#### What you will do:
Reproduction of part of the material below, pictures omitted: copy exactly, and only, the lines starting with the one with "Appartement Afgo Ouarzazate Bagian luar foto" and going on through the one with "Photo of 7020".

#### Material provided:
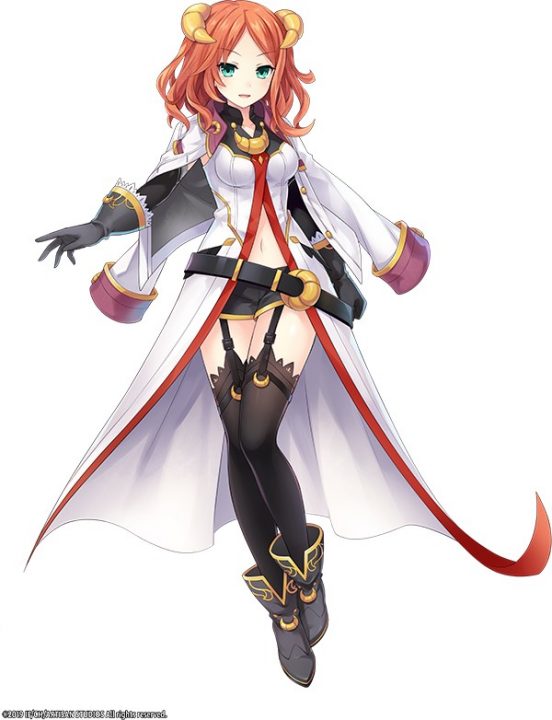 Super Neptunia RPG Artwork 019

...

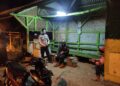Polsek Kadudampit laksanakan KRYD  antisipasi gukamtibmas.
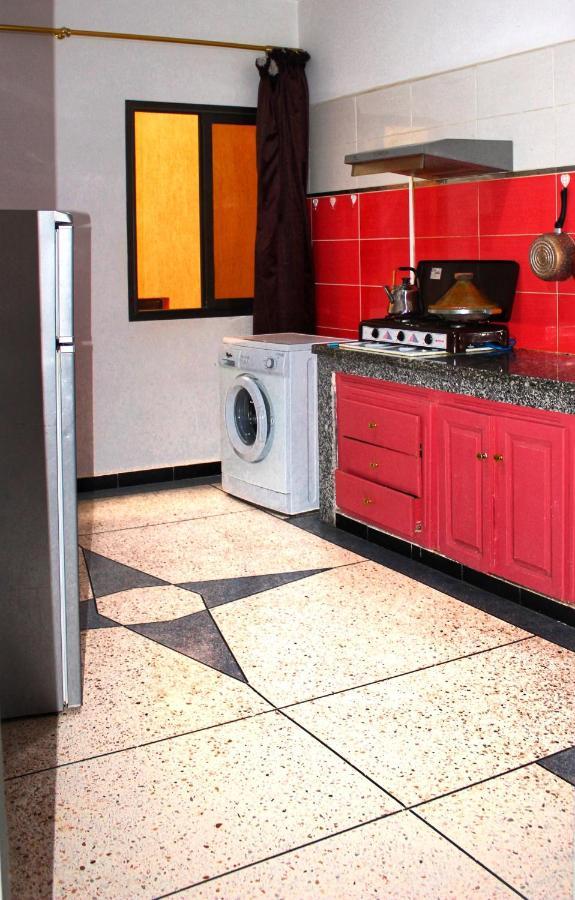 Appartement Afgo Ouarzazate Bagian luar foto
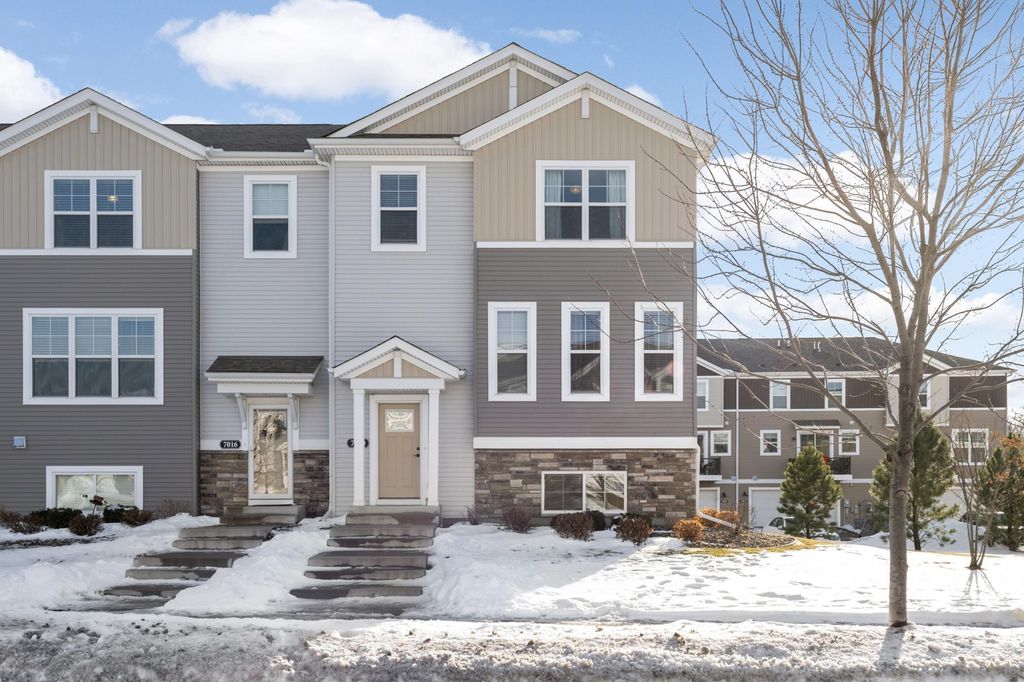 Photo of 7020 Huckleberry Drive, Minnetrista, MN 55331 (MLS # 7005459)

...

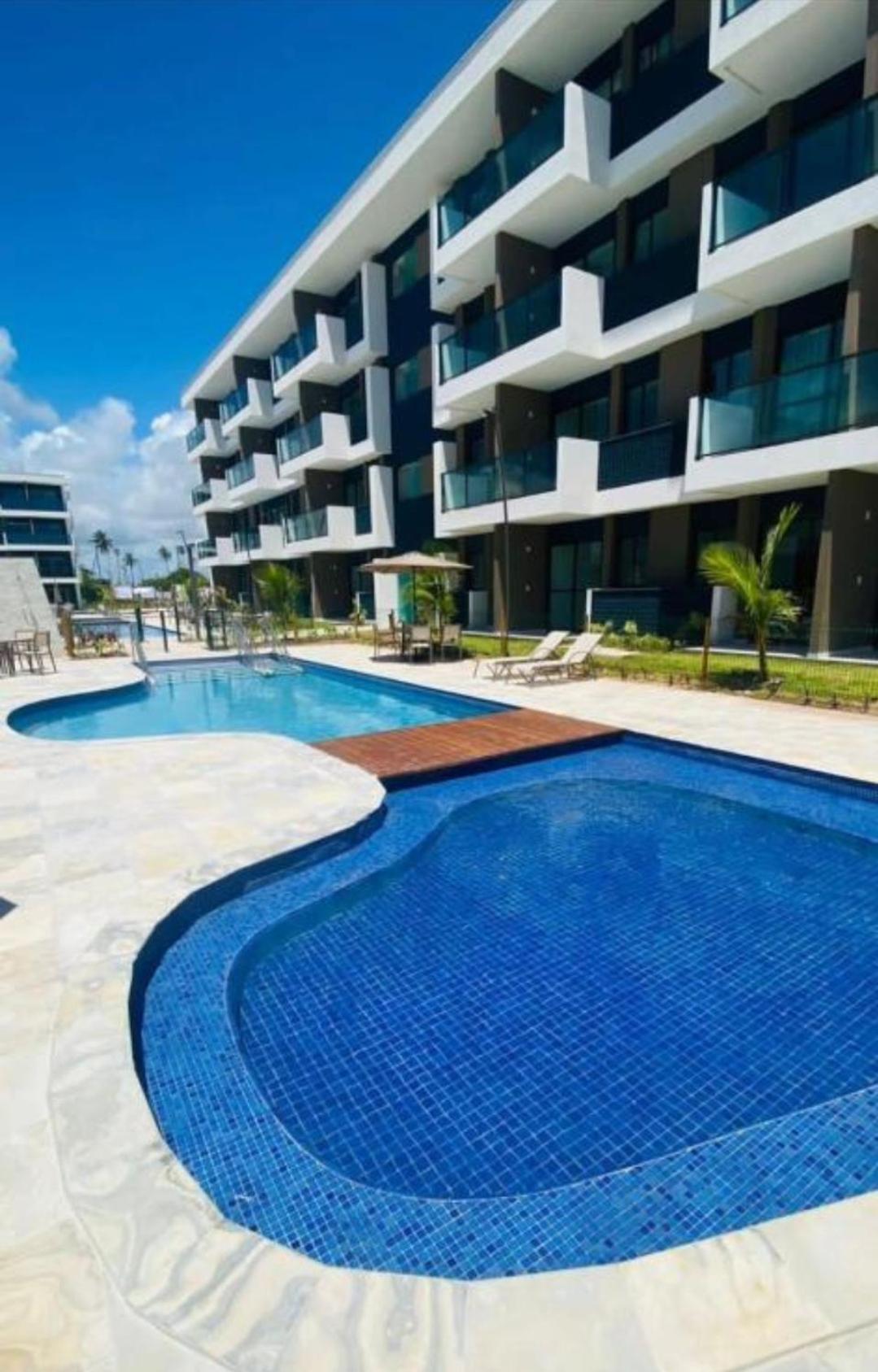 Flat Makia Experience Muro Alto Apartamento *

#### Answer section:
 Appartement Afgo Ouarzazate Bagian luar foto
 Photo of 7020 Huckleberry Drive, Minnetrista, MN 55331 (MLS # 7005459)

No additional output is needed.